TOS revenues were $4.4 million and $7.3 million for the nine months ended January 31, 2015 and 2014, respectively, a decrease of $2.9 million, or (39.7%).
Cost of Personalized Oncology Solutions
Cost of POS for the three months ended January 31, 2015 and 2014 was $0.67 million and $0.61 million, respectively, an increase of $0.06 million, or 9.8%. Cost of POS for the nine months ended January 31, 2015 and 2014 was $2.2 million and $2.1 million, respectively, an increase of $0.1 million, or 2.4%. For the three months ended January 31, 2015 and 2014, gross margins for POS were (48.8%) and (4.1%), respectively. The decline in gross margin is attributed to the decline in POS revenue and a large fixed cost component to the cost of sales. For the nine months ended January 31, 2015 and 2014, gross margins for POS were (75.9%) and (16.6%), respectively.
Cost of Translational Oncology Solutions
Cost of TOS for the three months ended January 31, 2015 and 2014 was $1.3 million and $1.0 million, respectively, an increase of $0.3 million, or 29.1%. Cost of TOS for the nine months ended January 31, 2015 and 2014 was $3.2 million and $2.6 million, respectively, an increase of $0.6 million, or 24.8%. For the three months ended January 31, 2015 and 2014, gross margins for TOS were 5.5% and 67.5%, respectively. Gross margin was below usual levels because of an increase in new TOS studies whose revenues will be recognized upon study completion.

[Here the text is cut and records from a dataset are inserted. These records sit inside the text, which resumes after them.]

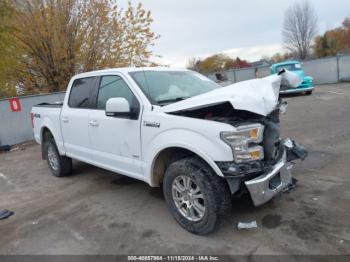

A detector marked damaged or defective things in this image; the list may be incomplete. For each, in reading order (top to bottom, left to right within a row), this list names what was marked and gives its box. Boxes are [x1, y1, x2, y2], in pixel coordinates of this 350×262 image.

crumpled hood [163, 69, 302, 115]
broken headlight [220, 124, 264, 163]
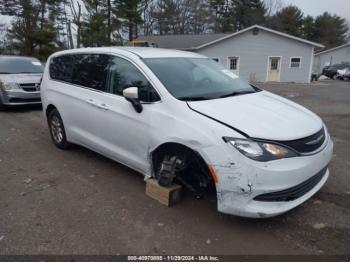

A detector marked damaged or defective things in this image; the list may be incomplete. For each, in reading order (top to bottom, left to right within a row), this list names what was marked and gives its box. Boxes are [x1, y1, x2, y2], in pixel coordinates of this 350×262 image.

damaged front bumper [208, 136, 334, 218]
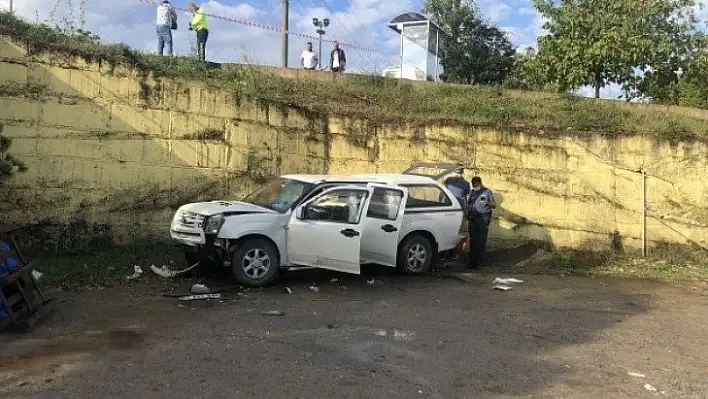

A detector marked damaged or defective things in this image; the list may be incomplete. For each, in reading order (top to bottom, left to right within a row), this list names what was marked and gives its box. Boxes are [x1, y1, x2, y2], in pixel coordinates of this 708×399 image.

crashed white suv [167, 162, 464, 288]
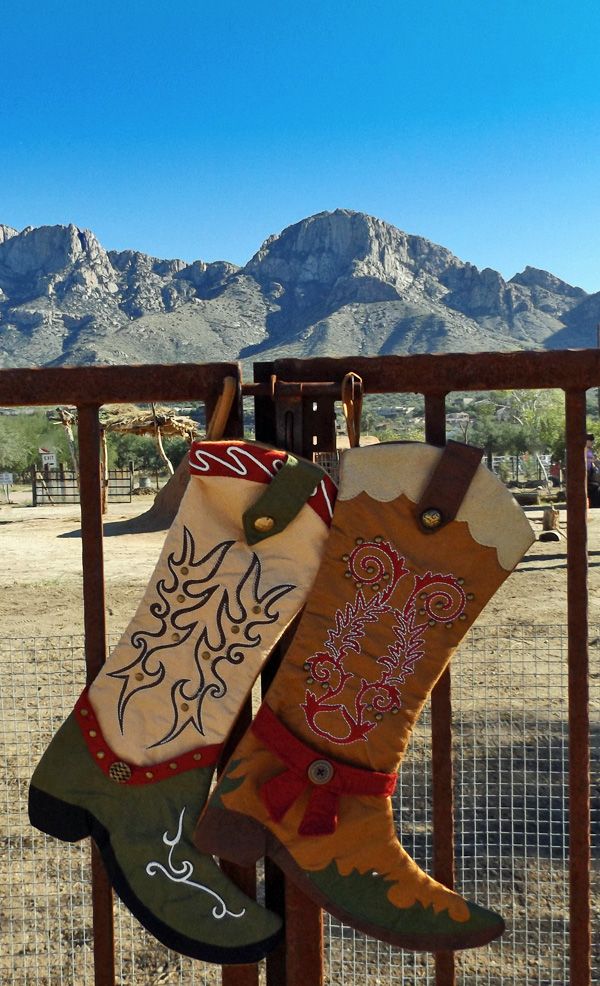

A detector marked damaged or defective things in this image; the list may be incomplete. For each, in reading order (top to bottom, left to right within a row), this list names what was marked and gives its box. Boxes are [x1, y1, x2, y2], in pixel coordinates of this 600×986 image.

rusty metal fence [0, 356, 596, 984]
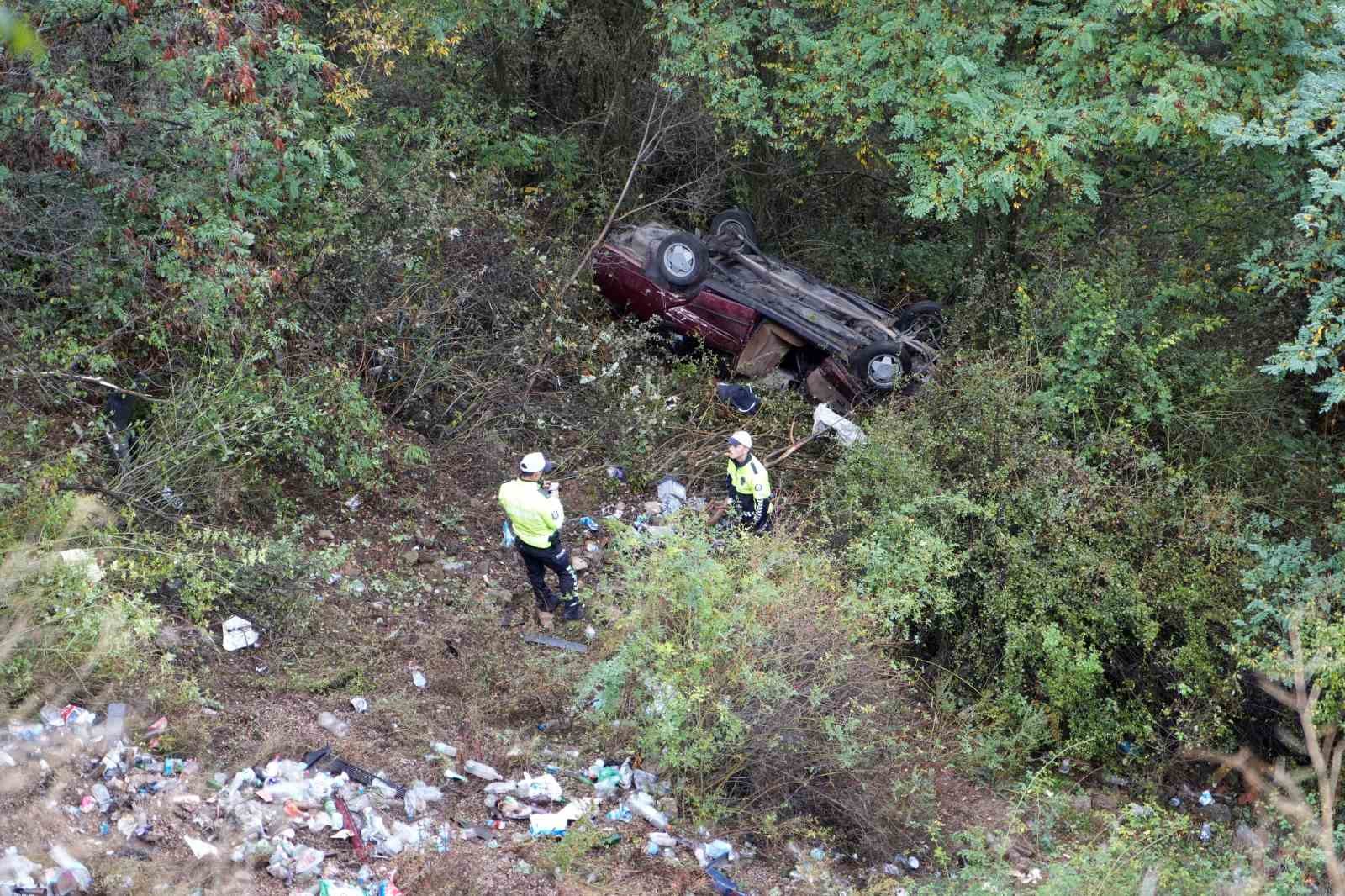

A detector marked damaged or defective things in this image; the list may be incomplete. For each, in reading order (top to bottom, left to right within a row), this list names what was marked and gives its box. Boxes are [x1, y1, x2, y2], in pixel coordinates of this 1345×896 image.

overturned car [594, 209, 942, 400]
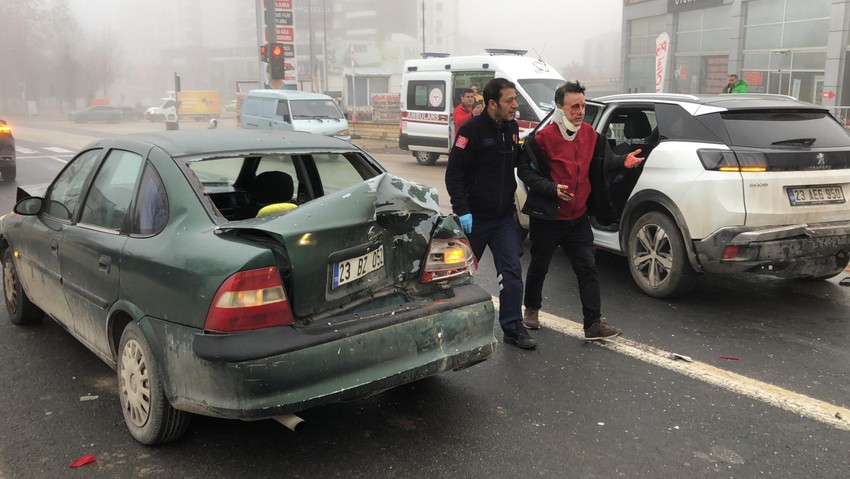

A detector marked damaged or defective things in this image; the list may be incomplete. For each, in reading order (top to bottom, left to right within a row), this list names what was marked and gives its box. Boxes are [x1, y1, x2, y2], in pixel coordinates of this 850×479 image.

damaged rear bumper [688, 222, 848, 278]
damaged rear bumper [142, 284, 494, 420]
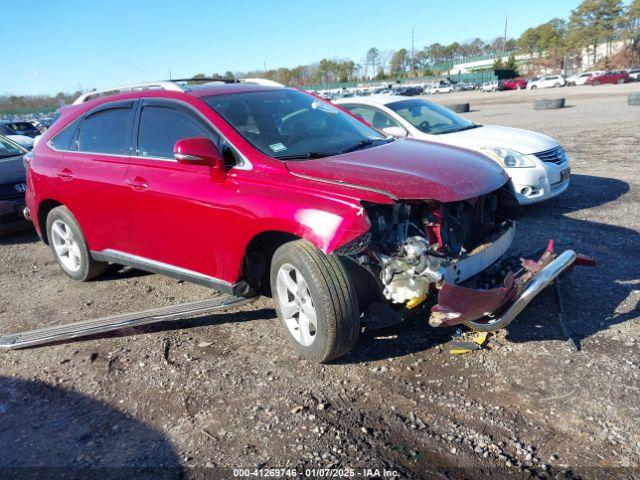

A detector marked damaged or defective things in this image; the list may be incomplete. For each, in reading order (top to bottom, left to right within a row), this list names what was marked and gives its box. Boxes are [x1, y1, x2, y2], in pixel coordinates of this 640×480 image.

damaged red lexus rx [23, 82, 584, 362]
crushed front bumper [430, 240, 596, 330]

For the nine months ended January 31, 2015 and 2014, gross margins for TOS were 26.3% and 64.4%, respectively.
Research and Development
Research and development expenses for the three months ended January 31, 2015 and 2014 was $1.1 million and $0.5 million, respectively, an increase of $0.6 million, or 104.3%. This increase reflects the Company’s commitment to continued investment in expanding and genomic characterizing our TumorBank. Research and development expenses for the nine months ended January 31, 2015 and 2014 was $3.8 million and $1.6 million, respectively, an increase of $2.2 million, or 132.8%.
Sales and Marketing
Sales and marketing expenses for the three months ended January 31, 2015 and 2014 were $1.1 million and $0.8 million, respectively, an increase of $0.3 million, or 33%. Sales and marketing expenses for the nine months ended January 31, 2015 and 2014 were $3.3 million and $2.2 million, respectively, an increase of $1.1 million, or 54.5%. The increase is due to the expansion of our TOS business development team.

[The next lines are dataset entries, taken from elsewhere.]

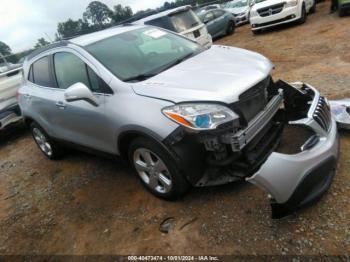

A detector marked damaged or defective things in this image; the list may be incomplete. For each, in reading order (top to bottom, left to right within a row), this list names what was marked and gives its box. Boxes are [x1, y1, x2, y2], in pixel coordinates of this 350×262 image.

broken headlight assembly [163, 103, 239, 130]
damaged front bumper [246, 82, 340, 219]
detached bumper cover [246, 83, 340, 218]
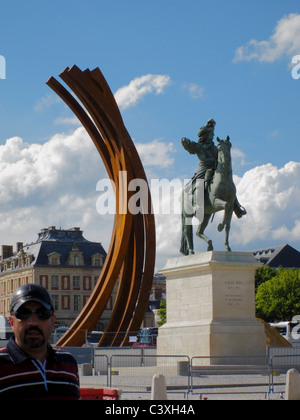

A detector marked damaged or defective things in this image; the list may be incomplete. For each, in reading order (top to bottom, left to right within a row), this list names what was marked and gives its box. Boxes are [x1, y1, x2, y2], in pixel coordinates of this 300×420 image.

rusty curved steel sculpture [46, 66, 157, 348]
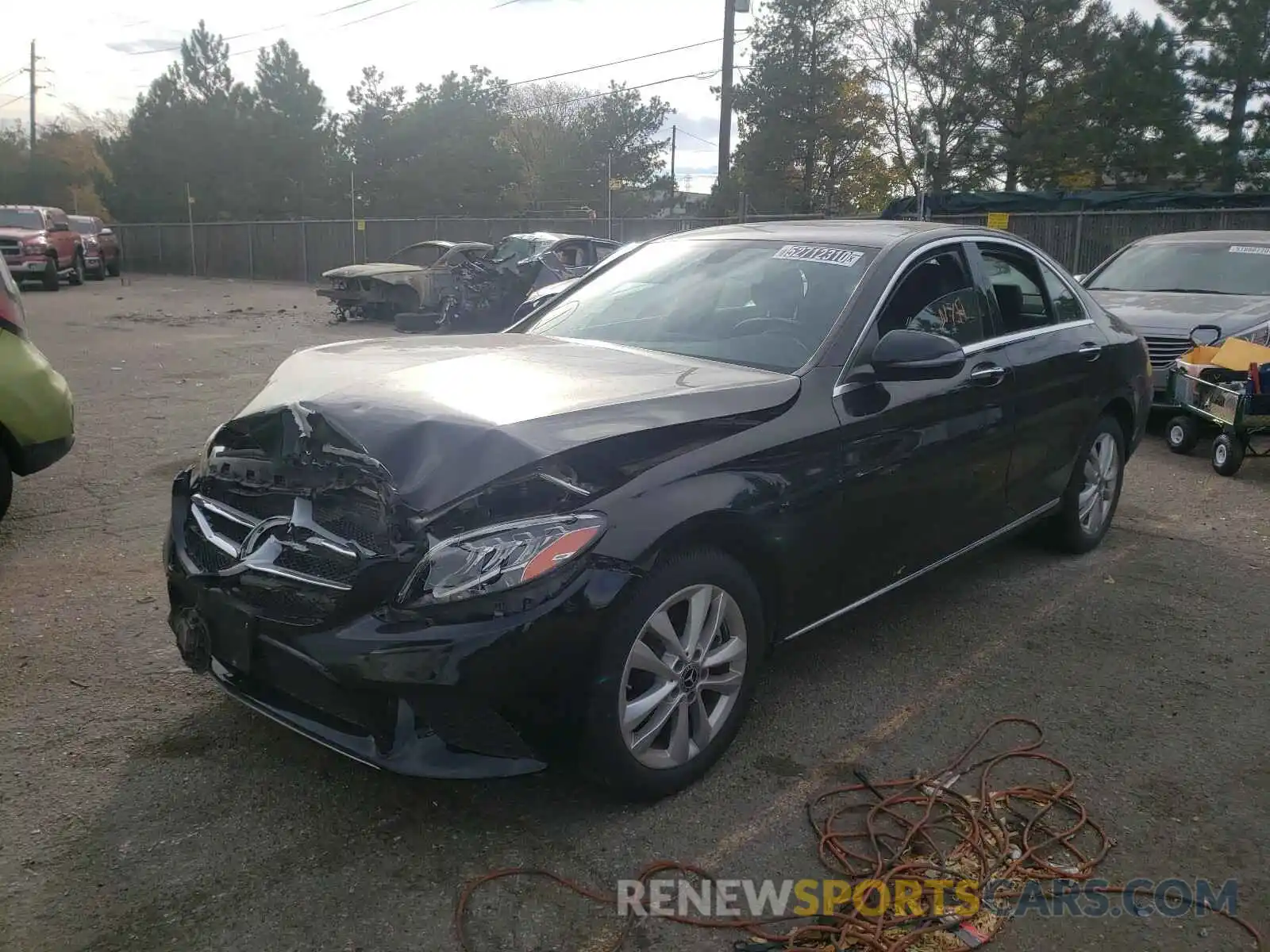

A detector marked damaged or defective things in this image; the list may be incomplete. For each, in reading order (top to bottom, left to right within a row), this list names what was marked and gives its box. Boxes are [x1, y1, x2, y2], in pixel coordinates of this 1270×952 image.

crumpled hood [0, 227, 40, 242]
crumpled hood [322, 261, 426, 279]
wrecked car in background [314, 233, 617, 332]
crumpled hood [1087, 286, 1270, 335]
crumpled hood [233, 332, 797, 515]
shattered headlight lens [401, 517, 610, 606]
broken headlight [401, 517, 610, 606]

General and Administrative
General and administrative expenses for the three months ended January 31, 2015 and 2014 were $1.1 million and $2.1 million, respectively, a decrease of $1.0 million, or (48.9%). The decline is due to the implementation of cost saving measures to reduce the Company’s cash burn. Additionally, a one-time charge in stock based compensation expense was taken in the third quarter of 2014. General and administrative expenses for the nine months ended January 31, 2015 and 2014 were $3.9 million and $4.5 million, respectively, a decrease of $0.6 million, or (12%).
Other Income (Expense)
Other income (expense) for the three months ended January 31, 2015 and 2014 was $0.6 million and $0.8 million, a decrease in income of $0.2 million. Other income (expense) for the nine months ended January 31, 2015 and 2014 was $1.3 million and ($1.2) million, a decrease in expense of $2.5 million. During the three months ended January 31, 2015 and 2014, the Company recognized income of $0.6 million and $0.8 million for the change in fair value of warrants that are accounted for as liabilities and are described further below and in Note 8 to our unaudited condensed consolidated financial statements. The Company will continue to adjust the warrant liability for changes in fair value until the earlier of the exercise of the warrants, or expiration of the warrants. This change in fair value of warrant liability was a result of revaluing the warrant liability based on the Monte Carlo simulation valuation model, impacted primarily by the quoted price of the Company's common stock. The revaluation of the warrant liability has no impact on our cash balances.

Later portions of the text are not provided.